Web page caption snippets
——

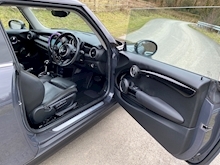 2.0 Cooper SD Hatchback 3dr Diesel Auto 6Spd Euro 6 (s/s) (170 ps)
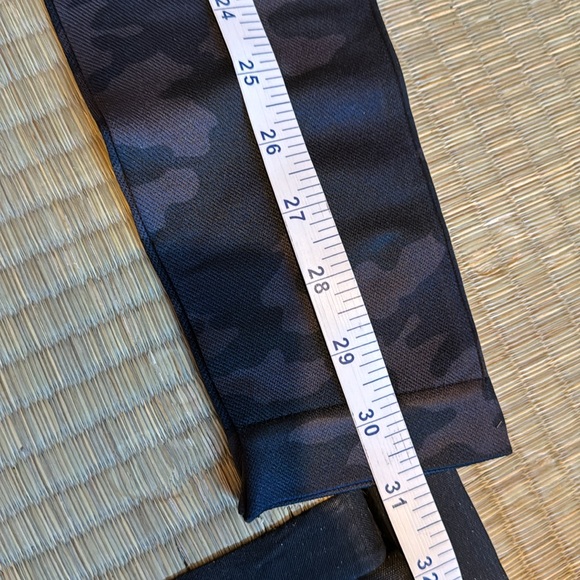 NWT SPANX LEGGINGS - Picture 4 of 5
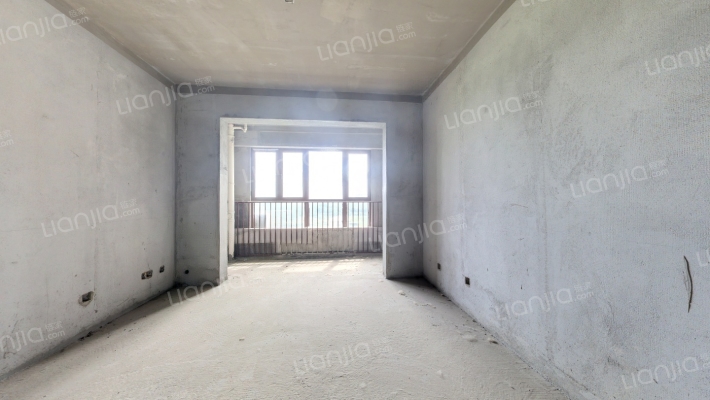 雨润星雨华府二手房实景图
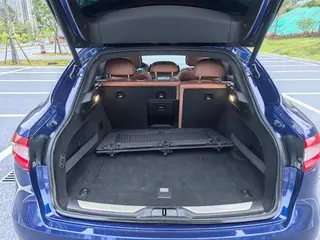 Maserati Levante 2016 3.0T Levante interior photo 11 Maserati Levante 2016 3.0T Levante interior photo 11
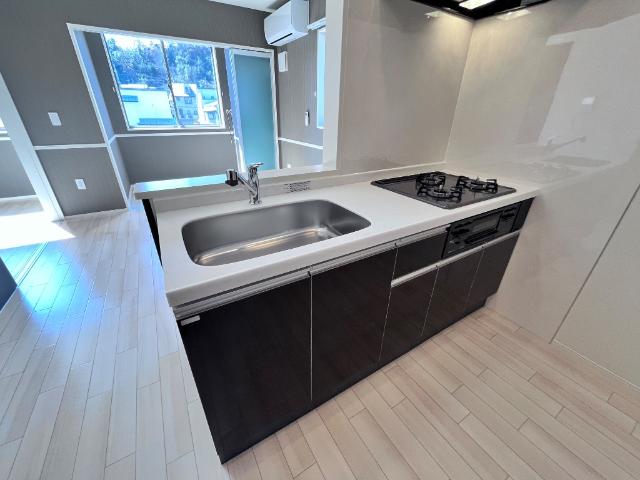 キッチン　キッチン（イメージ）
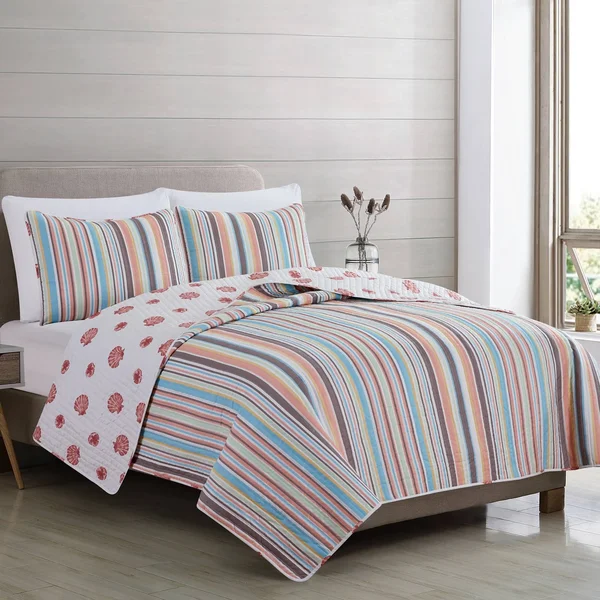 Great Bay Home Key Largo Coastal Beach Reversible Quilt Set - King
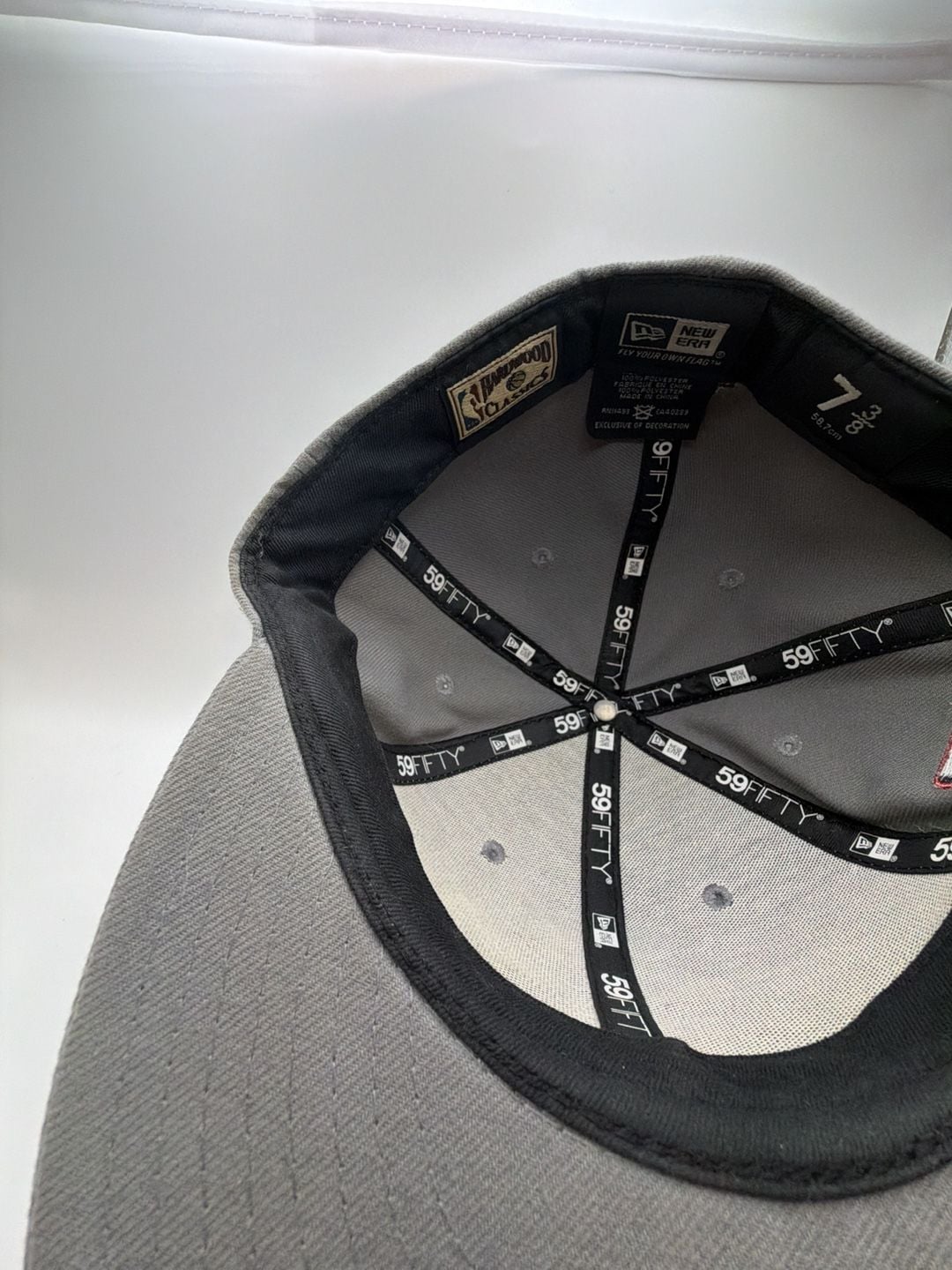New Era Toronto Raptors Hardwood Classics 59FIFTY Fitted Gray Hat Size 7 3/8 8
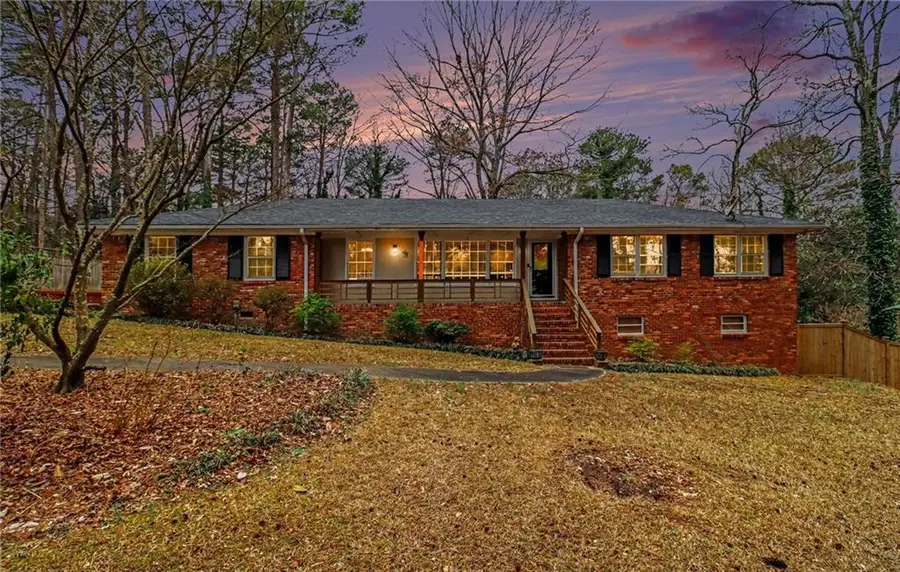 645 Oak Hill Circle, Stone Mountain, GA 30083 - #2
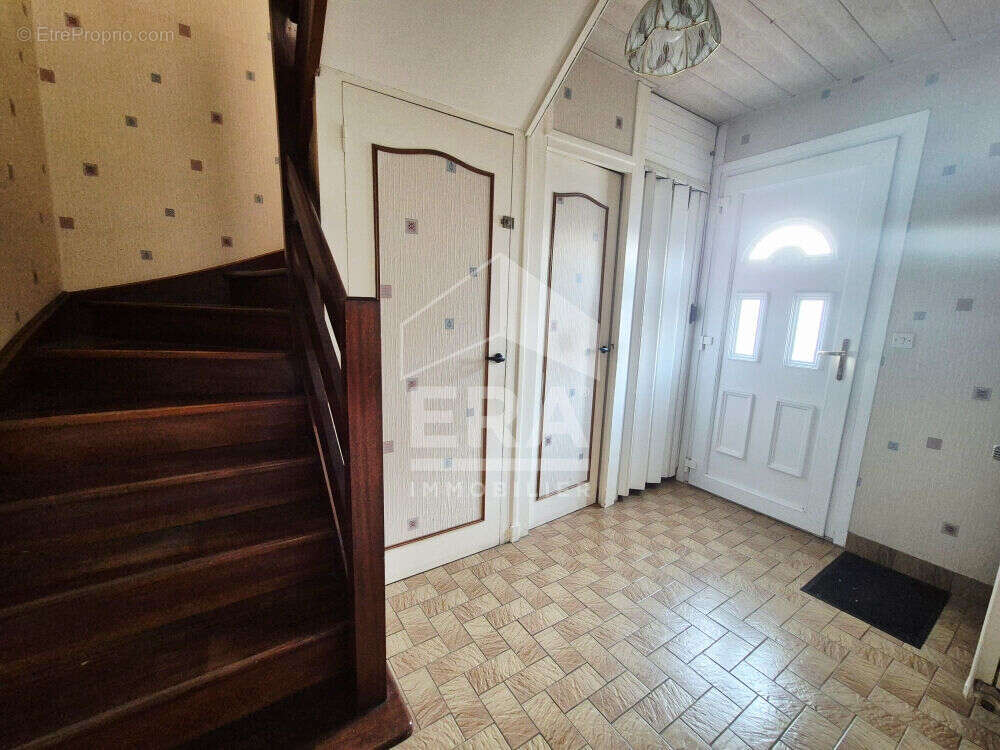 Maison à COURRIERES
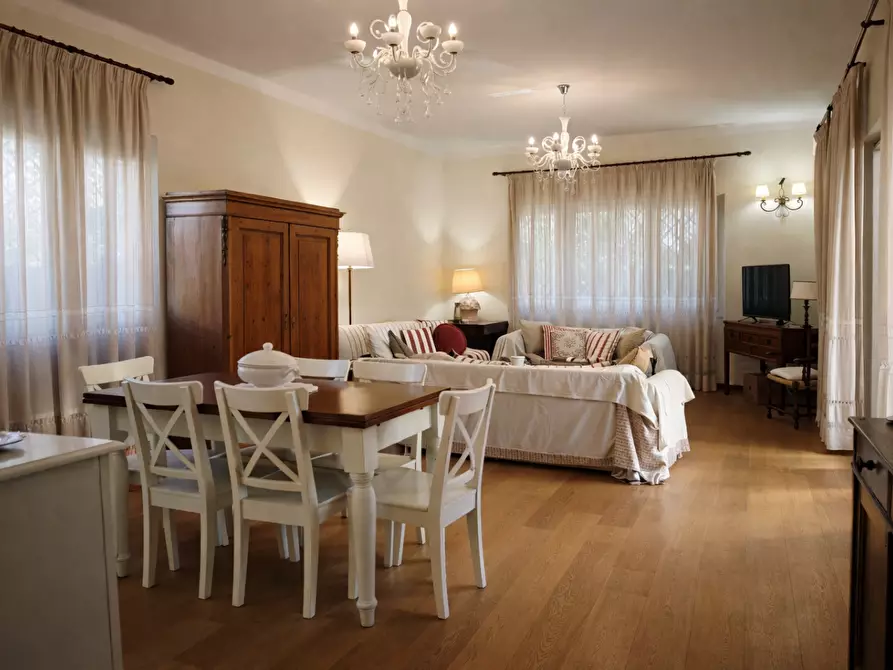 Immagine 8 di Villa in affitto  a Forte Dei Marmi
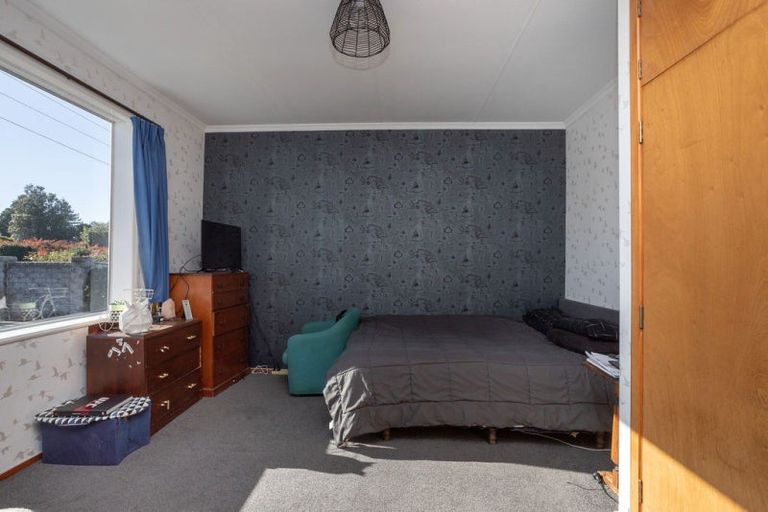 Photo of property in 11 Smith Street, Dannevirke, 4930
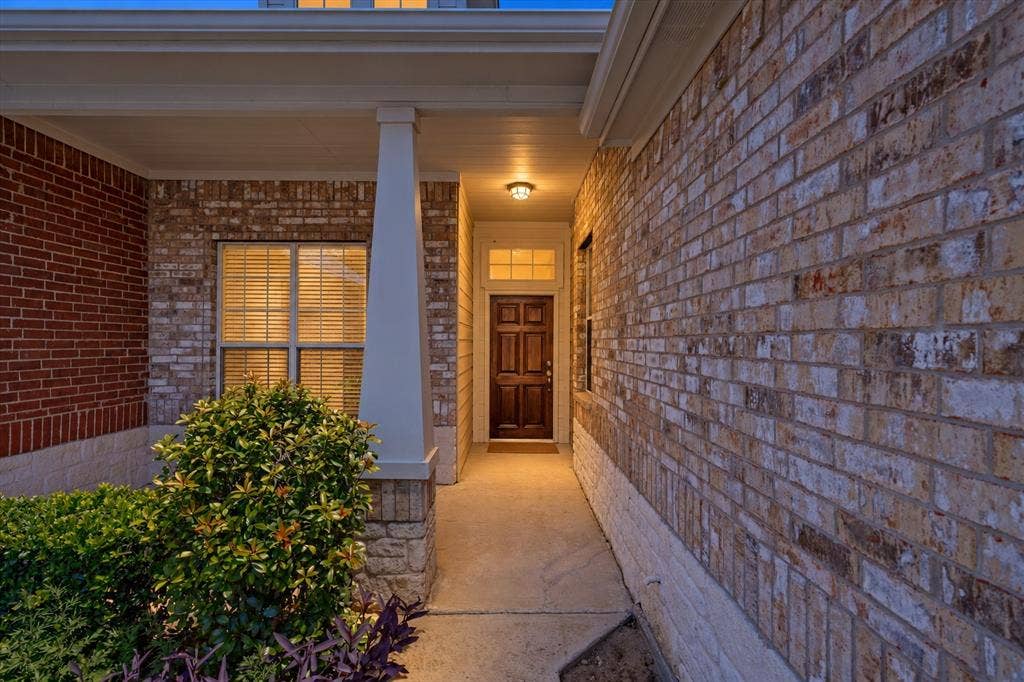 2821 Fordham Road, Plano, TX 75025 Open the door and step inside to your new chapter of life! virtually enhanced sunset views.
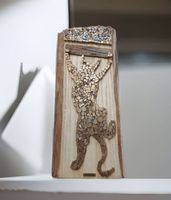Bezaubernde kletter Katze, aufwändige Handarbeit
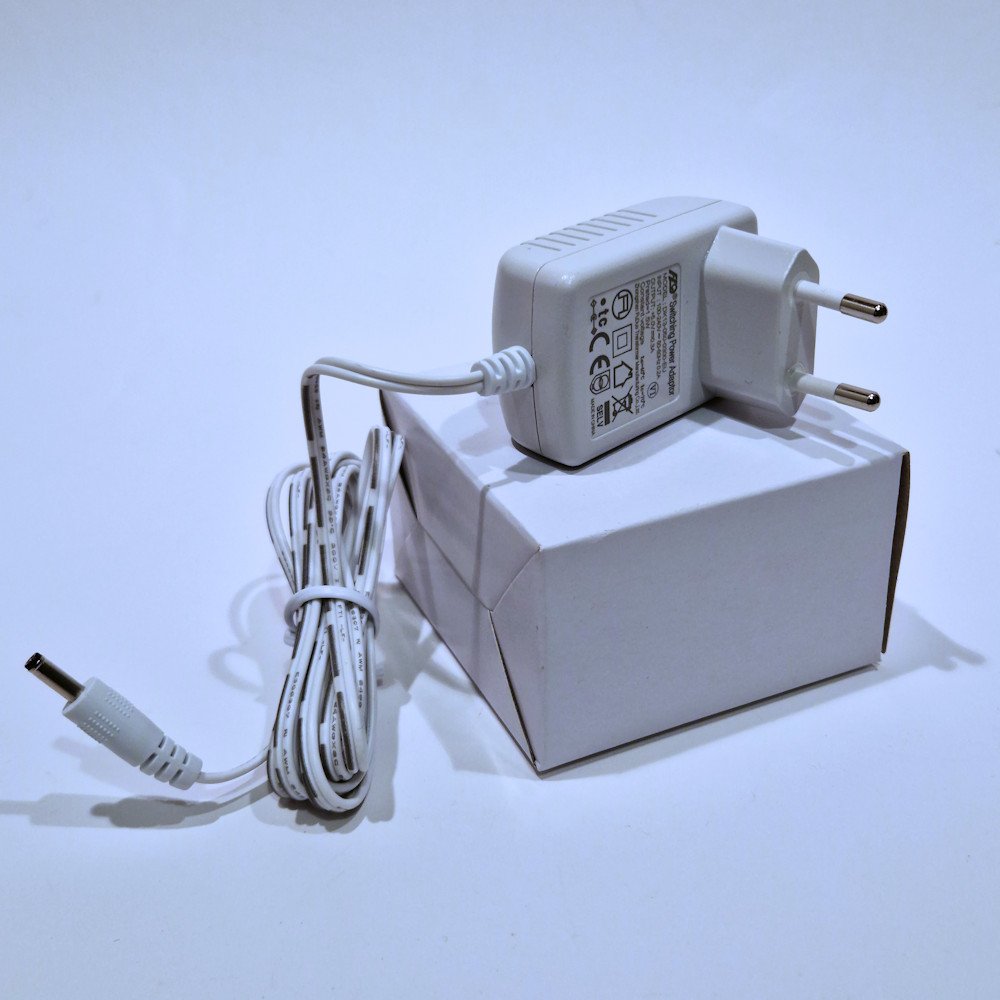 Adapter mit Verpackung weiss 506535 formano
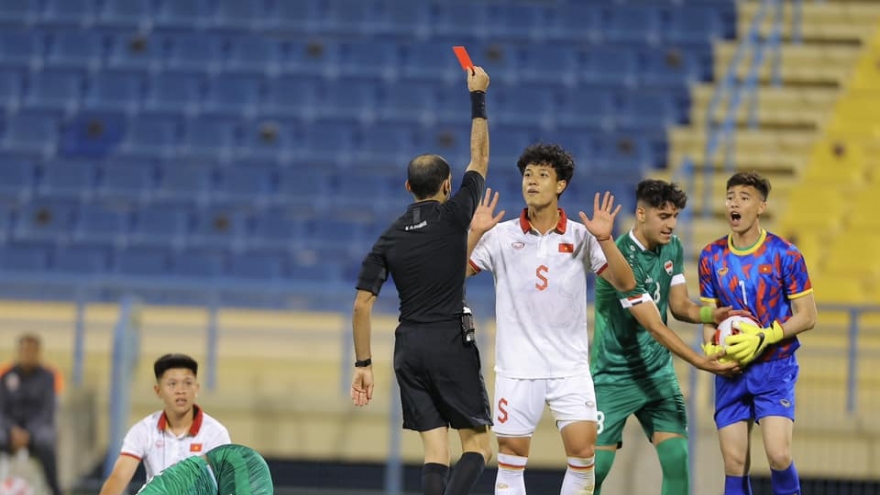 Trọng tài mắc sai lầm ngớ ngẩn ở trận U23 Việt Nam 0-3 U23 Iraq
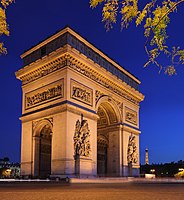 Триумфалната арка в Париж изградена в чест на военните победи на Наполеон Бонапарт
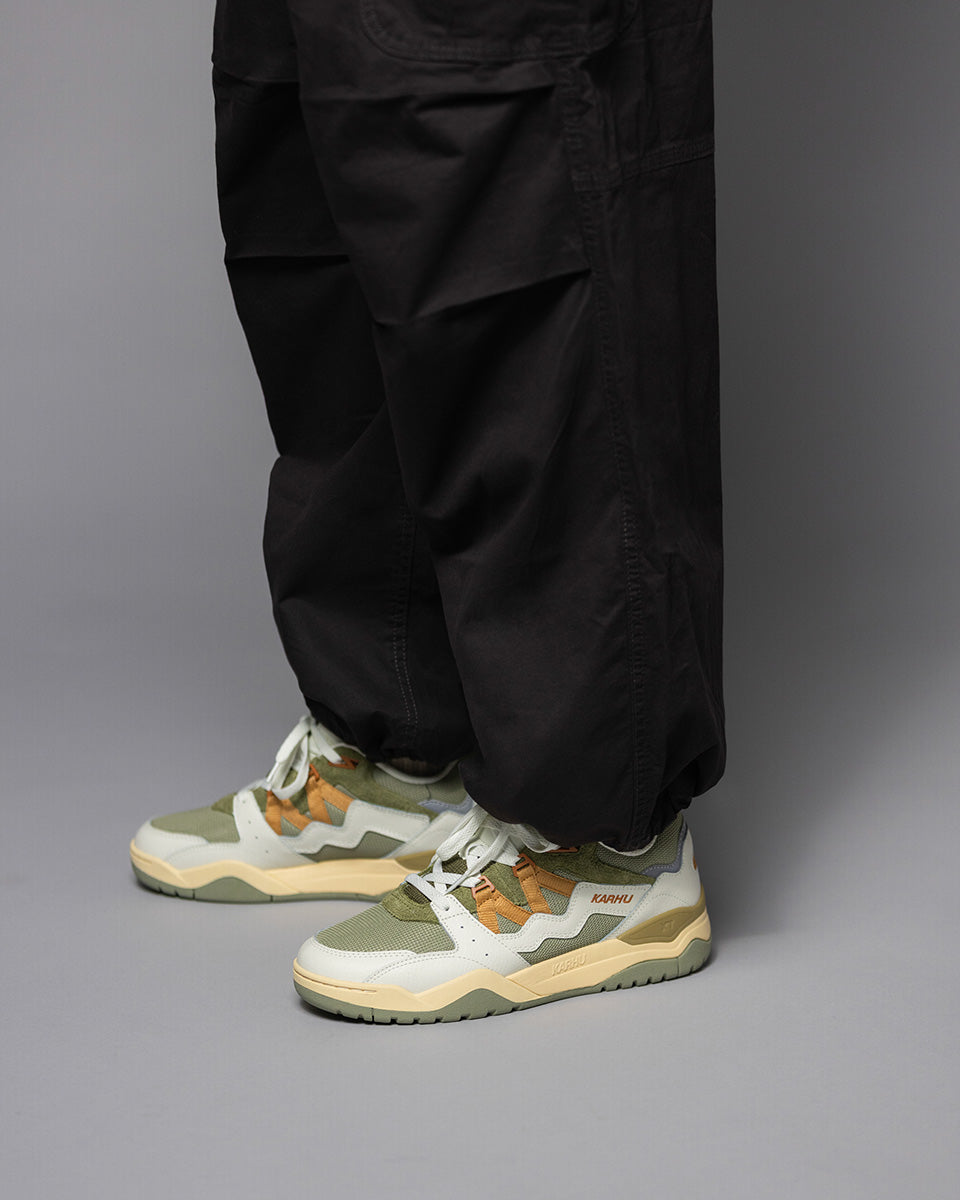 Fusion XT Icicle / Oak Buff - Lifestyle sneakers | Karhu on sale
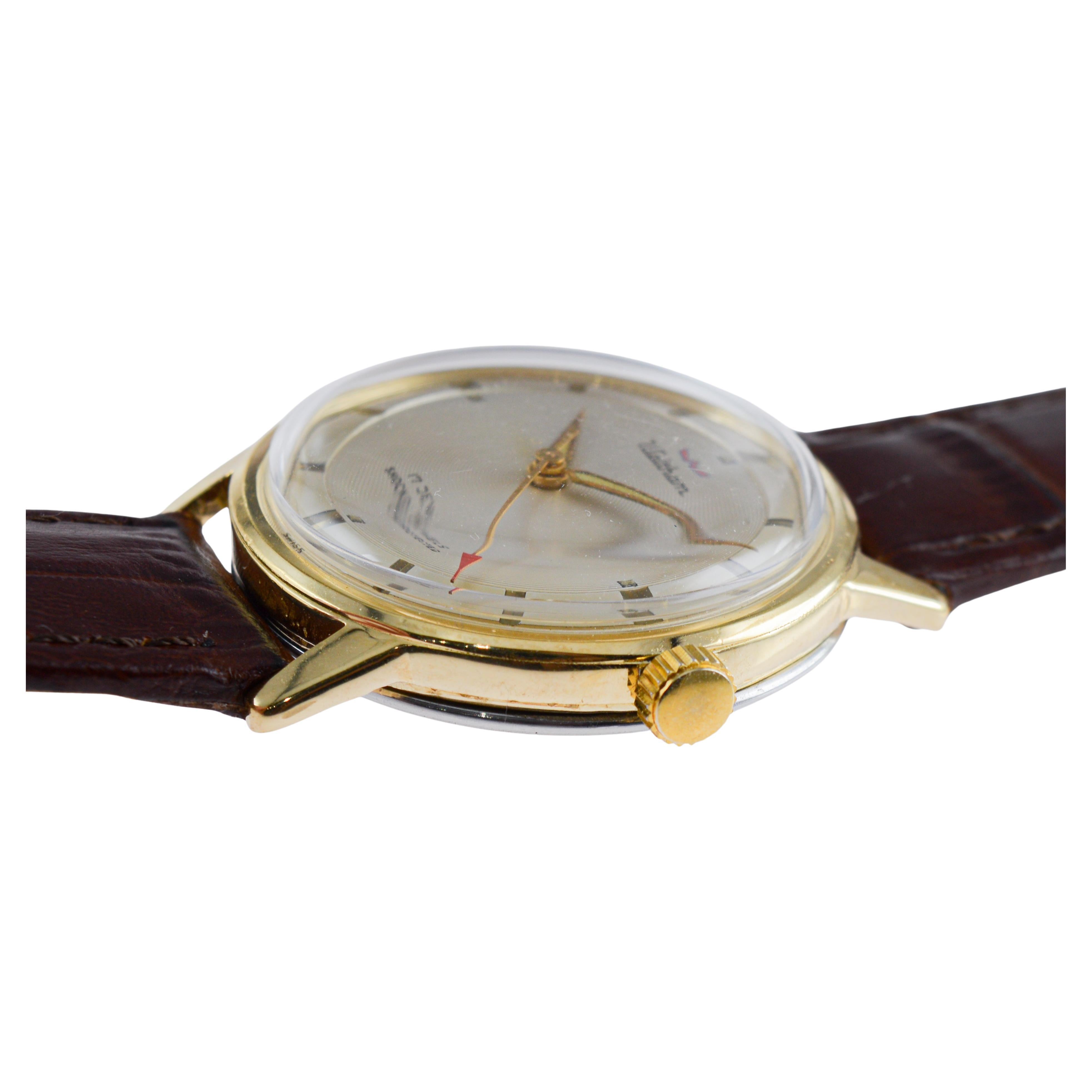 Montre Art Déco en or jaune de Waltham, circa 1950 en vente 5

——

Try it
Please copy every record above exactly, but leave the pictures out.

Answer below
 2.0 Cooper SD Hatchback 3dr Diesel Auto 6Spd Euro 6 (s/s) (170 ps)
 NWT SPANX LEGGINGS - Picture 4 of 5
 雨润星雨华府二手房实景图
 Maserati Levante 2016 3.0T Levante interior photo 11 Maserati Levante 2016 3.0T Levante interior photo 11
 キッチン　キッチン（イメージ）
 Great Bay Home Key Largo Coastal Beach Reversible Quilt Set - King
New Era Toronto Raptors Hardwood Classics 59FIFTY Fitted Gray Hat Size 7 3/8 8
 645 Oak Hill Circle, Stone Mountain, GA 30083 - #2
 Maison à COURRIERES
 Immagine 8 di Villa in affitto  a Forte Dei Marmi
 Photo of property in 11 Smith Street, Dannevirke, 4930
 2821 Fordham Road, Plano, TX 75025 Open the door and step inside to your new chapter of life! virtually enhanced sunset views.
Bezaubernde kletter Katze, aufwändige Handarbeit
 Adapter mit Verpackung weiss 506535 formano
 Trọng tài mắc sai lầm ngớ ngẩn ở trận U23 Việt Nam 0-3 U23 Iraq
 Триумфалната арка в Париж изградена в чест на военните победи на Наполеон Бонапарт
 Fusion XT Icicle / Oak Buff - Lifestyle sneakers | Karhu on sale
 Montre Art Déco en or jaune de Waltham, circa 1950 en vente 5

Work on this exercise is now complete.